The result: you use the lakehouse for backfill and the low-latency stream for tailing iterators after you are caught up, and the batch/streaming choice becomes a query-engine internal concern rather than an architectural decision the application has to make.
Canonical statement on the wiki¶
Alex Gallego (Redpanda founder) walks the 20-year batch → streaming → convergence trajectory and attributes the inflection to the Iceberg handshake (Source: Gallego 2025-04-03):
"No one cares about batch and streaming differences today. For many years, we debated the mental model that streaming was a superset of batch once you added a cron-like timer callback. Last year, from customer pressure, the largest data warehouse products settled on Iceberg as an open-source data format. With that handshake, the world began thinking about data as a continuous computation. Use the lakehouse for backfill and the low latency stream for tailing iterators after you are caught up, but fundamentally push the complexity to the compute engines."

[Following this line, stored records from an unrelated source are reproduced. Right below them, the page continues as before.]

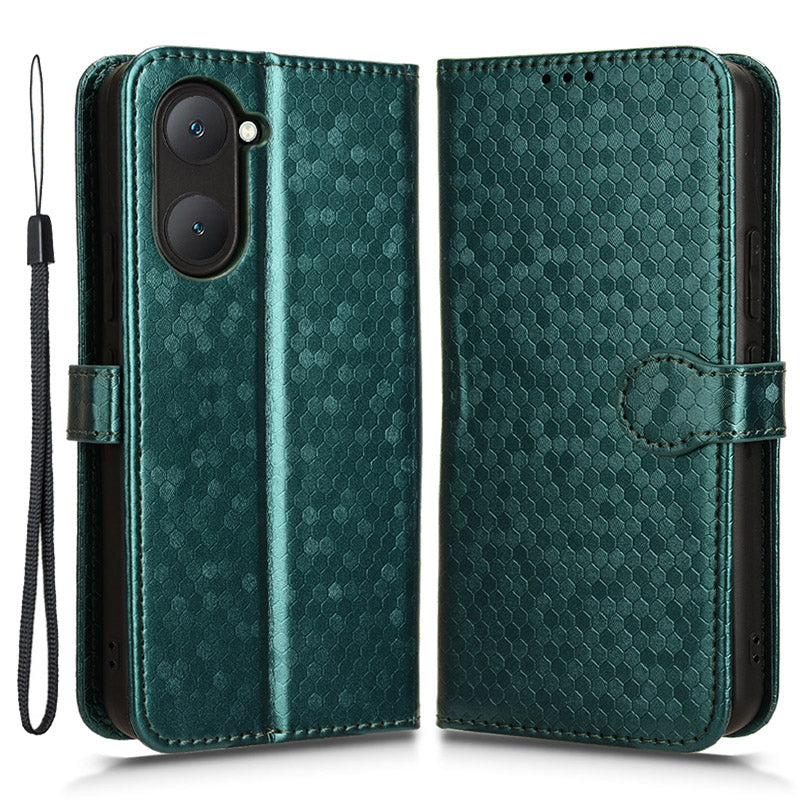 For vivo Y03 Case Dots Imprinted Shockproof Wallet Phone Cover For vivo Y03 Case Dots Imprinted Shockproof Wallet Phone Cover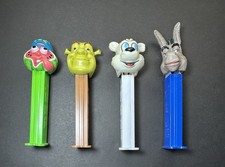 Lot of Vintage Pez Dispensers, Shrek, Donkey, Iced Polar Bear, Sourz Watermelon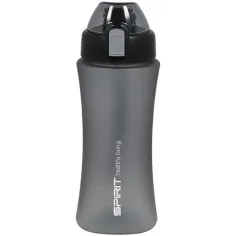 Spirit: Botella deportiva negra libre de BPA 500ml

Why batch persisted for so long¶
Gallego's framing: batch was a historical artefact driven by the absence of two things —
- Mental tools for incremental computation — specifically differential dataflow and DBSP, which give developers tractable reasoning about the output-delta of a continuous computation given an input-delta.
- Intuitive industrial streaming implementations that let engineers reason about continuous dataflow at the same comfort level as Unix pipes (his framing: "Batch was the mental extension of the Unix pipe. Simple stages that one could reason about separately and debug. A simple mental model that scaled…slowly.").
Once brokers like Redpanda and query engines like Flink / Databricks / Snowflake absorbed both gaps, the convergence became natural.
The Iceberg handshake specifically¶
The specific 2024 event Gallego cites: the major warehouse vendors (Databricks, Snowflake, BigQuery) converging on Iceberg as the open-source data format. Concrete mechanism on the streaming side: Redpanda's Iceberg topics — "elevated the mental model of what used to be a bag of bytes to one with schemas — and evolutions — that could be projected and consumed by warehouse technologies like BigQuery, Databricks, and Snowflake." See the 2025-01-21 Medallion post for the full mechanism disclosure.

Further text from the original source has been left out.